Are we ready to go down this path? Now that the embargo has lifted, let me show you some examples. Buckle up.
The images you’ll see in this thread are all straight out of Google Photos after going through Reimagine / Magic Editor. They were never touched up by Photoshop or Lightroom.
On the one hand, this technology becoming ubiquitous feels inevitable. On the other hand, these examples from Welch are disturbing.
At The Verge, Jess Weatherbed writes:
Just because you have the estimable ability to clock when an image is fake doesn’t mean everyone can. Not everyone skulks around on tech forums (we love you all, fellow skulkers), so the typical indicators of AI that seem obvious to us can be easy to miss for those who don’t know what signs to look for — if they’re even there at all. AI is rapidly getting better at producing natural-looking images that don’t have seven fingers or Cronenberg-esque distortions.

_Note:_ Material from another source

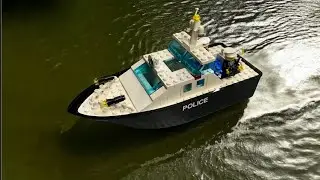 Building LEGO 4010 Police Patrol Boat / Police Rescue Boat (1987)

Maybe it was easy to spot when the occasional deepfake was dumped into our feeds, but the scale of production has shifted seismically in the last two years alone. It’s incredibly easy to make this stuff, so now it’s fucking everywhere. We are dangerously close to living in a world in which we have to be wary about being deceived by every single image put in front of us.
That’s seemingly where we’re headed. Everyone alive today has grown up in a world where you can’t believe everything you read. Now we need to adapt to a world where that applies just as equally to photos and videos. Trusting the sources of what we believe is becoming more important than ever.